Members Meet the Author and Learn About a Little-Known WWII Operation


return to recent mtgs page

Bill GerouxThe November meeting featured author William “Bill” Geroux, an editorial writer for the Richmond Times for 25 years, and who has written numerous articles for other publications and news sites. He has conducted extensive research on the contributions of the Merchant Marine during WWII. His first book, The Mathews Men, was published in 2017, and detailed the heroics of mariners from Mathews County, VA. America was the “Arsenal of Democracy” and this required the Merchant Marine transporting war materials to the fight.. The price was high. The Merchant Marine had the highest casualty rate of any service. Its contribution to the war effort deserves great appreciation.


In 2020 Mr. Geroux continued detailing the exploits of merchant mariners in Ghost Ships of Archangel, a little-known story of an Allied convoy that carried war materials from Iceland to Murmansk in the summer of 1942. To better tell this story, Mr. Geroux sailed the waters himself, and conducted numerous interviews.


The operation had great risk. Although it was summer, icebergs were a danger, and the survival of a sailor in the fridge Arctic waters was measured in minutes. But the biggest danger was the almost 24 hours of daylight, which exposed the convoy to around the clock aircraft, U-boat, and surface ship attack.

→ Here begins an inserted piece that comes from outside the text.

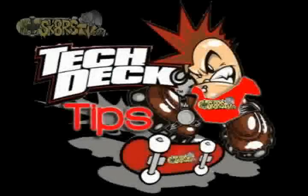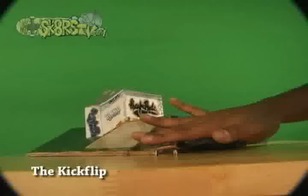Hey guys, welcome to Tech Den Tips, where we break down some of the baddest tricks in the sport of Tech Den. The Kick Flip.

The war in the European Theater was not going well. Continental Europe was under Nazi control, the Nazi’s were driving east towards Stalingrad, Rommel was on the offence in North Africa, and U-boats were ravaging Atlantic convoys. It was imperative to keep the USSR in the war and this meant both delivering war supplies and convincing Stalin of Allied support. So, the convoy, despite the low probability of success and the opposition of many, was dispatched. The operation ended disastrously-only 11 of the 34 merchant ships reached Murmansk.